Tinha consciência de que em algum dia essa notícia seria dada e, em razão disso, não ficou aborrecido, ao contrário, alegrou-se. Afinal, nem todas as pessoas vivem o suficiente para receber uma carta desse jaez. Aposentadoria não deixa de ser um troféu! - A par de um pijama e chinelos sempre à disposição, passou a receber uma enxurrada de outros envelopes, só que agora era de conteúdo exclusivo para o lazer. Viagens, passeios, excursões, convescotes, bailes, jogos de cartas, angariar novos amigos ouvir piadas inteligentes e outras nem tanto, dar risadas dos outros e de si próprio. Argh!!! Tudo isso não fazia o seu jeito de ser. Para quem, como ele, que apreciava da janela avarandada a linha do horizonte nas tardes outonais, tardes onde as nuvens bailarinas modificam-se a cada momento, misturando o rubro do sol dando chances para o abraço das cores violetas e rosas no deslumbrante entardecer... Neste cenário panorâmico não seria fácil trocar aquela visão maravilhosa do crepúsculo para um novo ritmo de vida fora do seu ambiente. Olhava as ofertas, ouvia os festeiros, mas reconhecia estar ainda seguro nas presilhas da falta de costume. Um seu amigo de longa data segredou-lhe que os pássaros engaiolados não se esquecem da arte de voar e que os humanos não podem perder a arte de sonhar. Ficou no batuque... Ruminando a sugestão lembrou-se do tempo em que estudava história geral e história do Brasil. Os livros retratavam belas paisagens, monumentos, figuras históricas, o mundo antigo e o mundo moderno e tudo isto era mais uma vez exaustivamente mostrado nos folhetos turísticos. Inebriado pela maravilhosa tarde outonal recostou-se à cadeira de espaldar alto, fechou os olhos e em devaneios viajou pelos caminhos da imaginação.

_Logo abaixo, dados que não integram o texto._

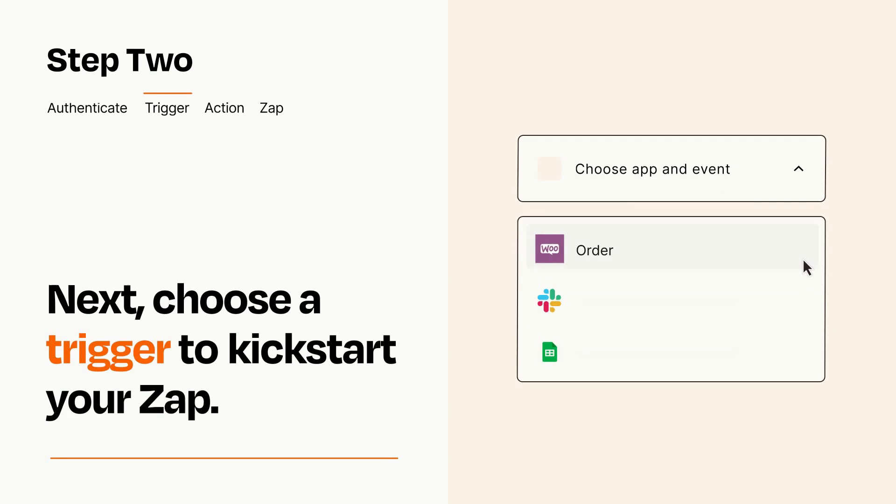Now let's set up your trigger, which is the event that starts your Zap. Pick the trigger event that you want from the list.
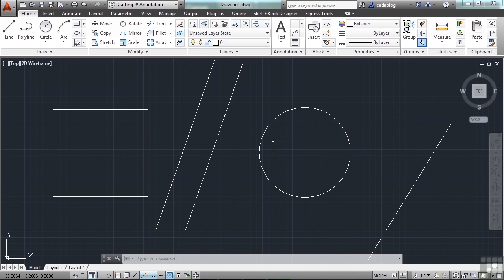Your crosshairs are another important tool — they are your target. Where your mouse goes, the crosshairs go. Where your crosshairs are is where your new lines, your text, your objects — anything you draw or create — will be placed in your file. I prefer to have my crosshairs fill the screen so that I can use them as a guideline when I draw.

As belezas do mundo e da natureza já habitavam em suas memórias. Em sonho sentia-se como os pássaros livres, que pelas manhãs voam para qualquer lugar, independentes de guias/itinerários, e, ao entardecer, retornam ao acolhimento das prediletas árvores. Ali, onde se encontrava estava junto da família, das lembranças dos filhos distantes, dos demais queridos, do jardim e das flores na casa grande cultivando o amor. Aposentadoria não era tão ruim assim... Bastava acordar, abrir o coração e não viajar para lugar nenhum.